Large Language Models (LLMs) demonstrate expertise across diverse domains, yet their capacity for emotional intelligence remains uncertain. This research examined whether LLMs can solve and generate performance-based emotional intelligence tests. Results showed that ChatGPT-4, ChatGPT-o1, Gemini 1.5 flash, Copilot 365, Claude 3.5 Haiku, and DeepSeek V3 outperformed humans on five standard emotional intelligence tests, achieving an average accuracy of 81%, compared to the 56% human average reported in the original validation studies. In a second step, ChatGPT-4 generated new test items for each emotional intelligence test. These new versions and the original tests were administered to human participants across five studies (total N = 467). Overall, original and ChatGPT-generated tests demonstrated statistically equivalent test difficulty. Perceived item clarity and realism, item content diversity, internal consistency, correlations with a vocabulary test, and correlations with an external ability emotional intelligence test were not statistically equivalent between original and ChatGPT-generated tests. However, all differences were smaller than Cohen's d ± 0.25, and none of the 95% confidence interval boundaries exceeded a medium effect size (d ± 0.50). Additionally, original and ChatGPT-generated tests were strongly correlated (r = 0.46). These findings suggest that LLMs can generate responses that are consistent with accurate knowledge about human emotions and their regulation.

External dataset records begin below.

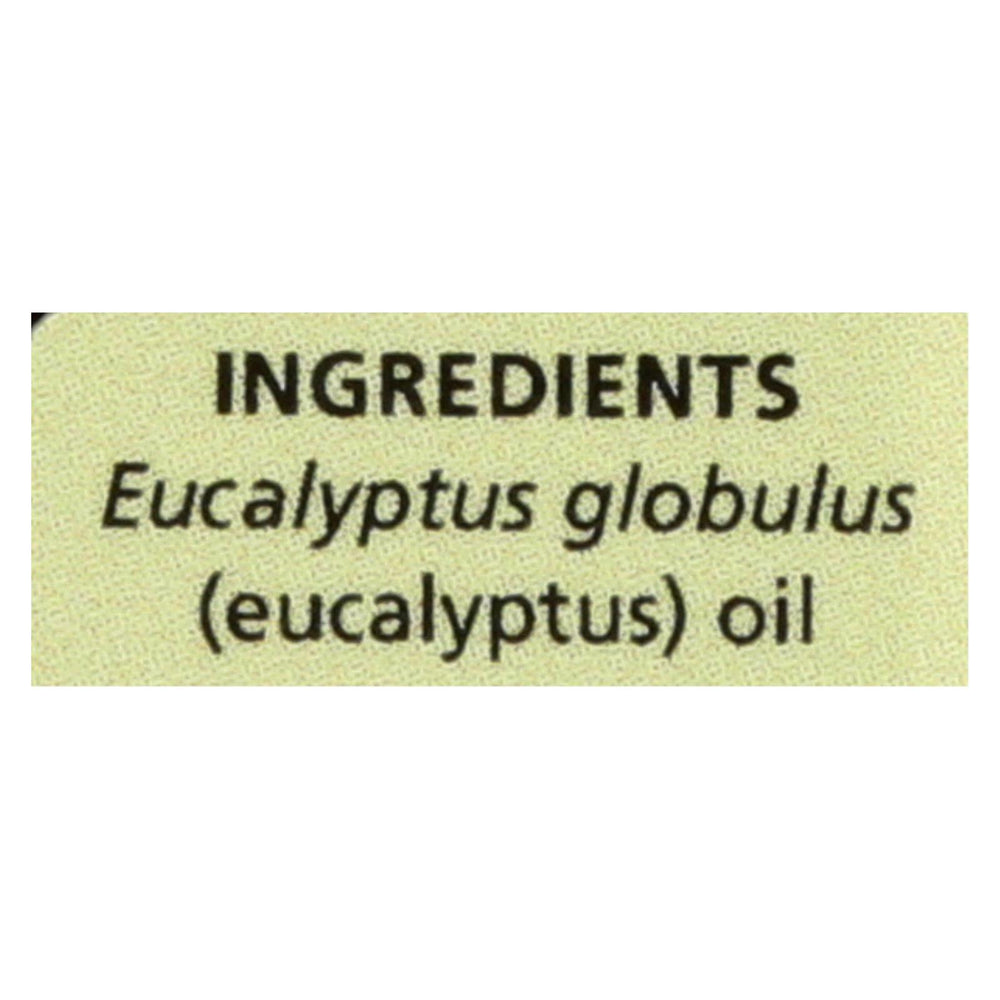 
                  
                    Aura Cacia Essential Oil Eucalyptus - 0.5 fl oz.
                  
                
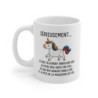 Mug Licorne Drôle – Tasse Humour Fabulouse Arc-en-Ciel – Idée Cadeau Amie, Femme, Anniversaire 325ml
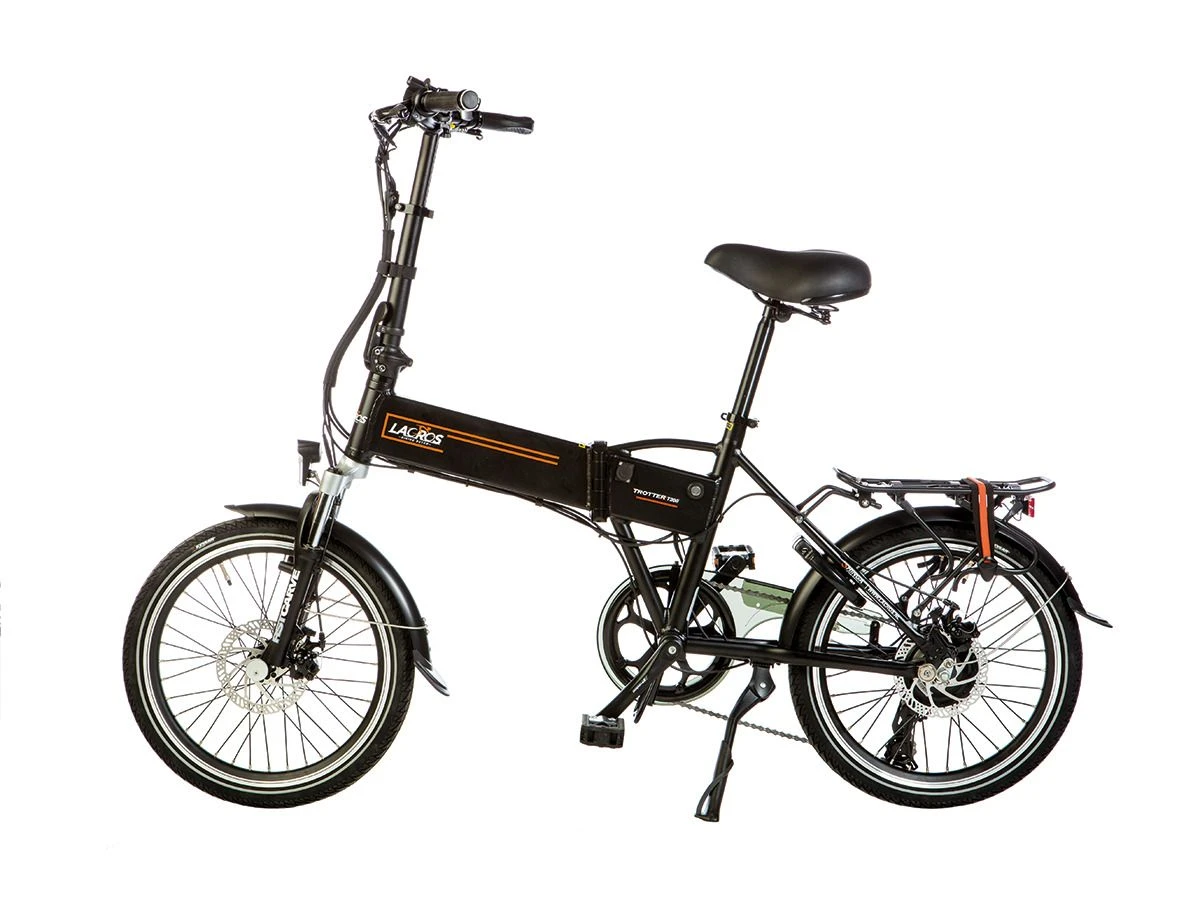 Lacros Trotter T200 Matzwart 13,6Ah Elektrische Vouwfiets 5 Lacros Trotter T200 Matzwart 13,6Ah Elektrische Vouwfiets - Afbeelding 3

大语言模型(LLMs)在多个领域展现出专业知识,但其情商能力仍不确定。本研究考察了大语言模型是否能够解决并生成基于表现的情商测试。结果显示,ChatGPT-4、ChatGPT-o1、Gemini 1.5 flash、Copilot 365、Claude 3.5 Haiku和DeepSeek V3在五项标准情商测试中表现优于人类,平均准确率达到81%,而原始验证研究报告的人类平均准确率为56%。在第二步中,ChatGPT-4为每项情商测试生成了新的测试项目。在五项研究中,将这些新版本和原始测试施测于人类参与者(总计N = 467)。总体而言,原始测试和ChatGPT生成的测试在统计上显示出等效的测试难度。原始测试和ChatGPT生成的测试在感知到的项目清晰度和现实性、项目内容多样性、内部一致性、与词汇测试的相关性以及与外部能力情商测试的相关性方面在统计上并不等效。然而,所有差异均小于科恩d值±0.25,且95%置信区间边界均未超过中等效应量(d值±0.50)。此外,原始测试和ChatGPT生成的测试具有很强的相关性(r = 0.46)。这些发现表明,大语言模型能够生成与关于人类情绪及其调节的准确知识相一致的回答。